As of March 2019, a Senate committee approved legislation that allows all school districts in Pennsylvania to utilize cyber school days in place of snow days, according to ABC.

Senate Bill 440 was unanimously voted through by the Senate Education Committee, and the legislation permits for a maximum of five instructional days per school year.  It also does not require all school districts to adopt flexible learning days and those that are interested need to obtain approval by the Pennsylvania Department of Education.

The bill will now move on to the full Senate to be discussed upon further examination; online snow days may now be closer to reality than students previously thought.


What are the positives and negatives of online snow days?

By: Kate Clark

The possibility of online snow days does come with many pros and cons. However, with a fully planned schedule and the assurance that everyone will have the ability to complete their assignments, schools have put this idea into full motion and completely replaced snow days with very few complications.
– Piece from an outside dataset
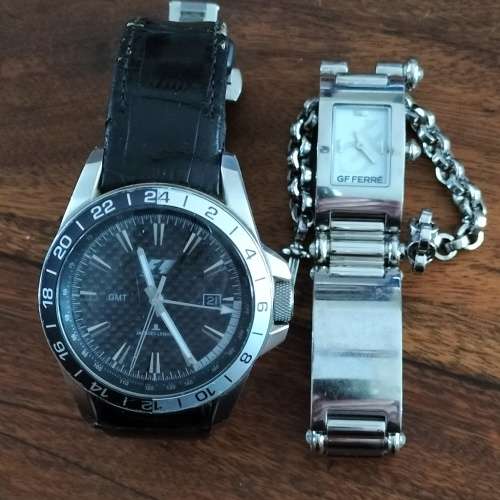 JACQUES LEMANS AND GF FERRE WRIST WATCHES.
#1: Students would have the ability to complete their assignments from home. Teachers would be able to assign their students homework followed by directions on how to complete it, similar to how it would be taught in a classroom. By getting this work done from home, the need for added on school days would no longer be necessary and students would be on top of their work, even if they’re not in a classroom.

#2: Students wouldn’t need to make up extra school days at the end of the year. Adding on extra days to the end of the year and taking away scheduled days for spring break always conflicts with students vacation, sports, and other activities. By keeping our school schedule to its original planned dates, this would result in fewer conflicts regarding added on days and therefore allowing students to plan the school year without any complications.

#3: Students wouldn’t be stressed about driving to school is dangerous conditions. The stress of trying to get to school on a snow day not only causes transportation inconveniences, but also leads to more accidents involving teen drivers. The expectation of arriving at school on time seems almost impossible for students having to drive. Online snow days replace the stress of having to commute to school and give them the opportunity to complete their work without the struggle of searching for transportation.

No caption – (YWAM Orlando/CC BY 2.0)


#1: Students can’t always access the internet from home. Whether it’s slow wifi, a broken printer, or no internet at all, many schools need to consider that technology can be a big burden for students. With schools relying on technology to complete their assignments, the possibility of internet complications can cause more stress on students. Issues involving no access to technology has been a major reason why schools refuse to make students complete assignments from home. No technology means no completed assignments, therefore taking away the purpose of online snow days.

#2: Students would have to reschedule for sports and extracurricular activities. Sports and school clubs take place on a weekly basis after school. However, if we replace snow days with online school, making up those practices and club meetings will only cause more schedule conflicts for students. With students making up school work at home while stuck in bad weather conditions, practices and any extracurriculars would need to be canceled, the only problem is rescheduling them.

#3: Students wouldn’t have the motivation to complete their homework. One of the most exciting parts about a snow day is getting the phone call that school is canceled. Everyone goes outside to play in the snow, and no one has the energy or motivation to complete their schoolwork on a day off. The chances of students getting all of their schoolwork completed are very low, and the expectation of students understanding the material they missed is also unlikely as well. The problem with assigning work on a students day off is that students need the extra day to catch up on work and relax. Yes, it’s convenient for students to work on more assignments since they’re home and already doing school work, but the amount of stress inflicted on students is already enough for one to handle, and the lack of motivation is substantial.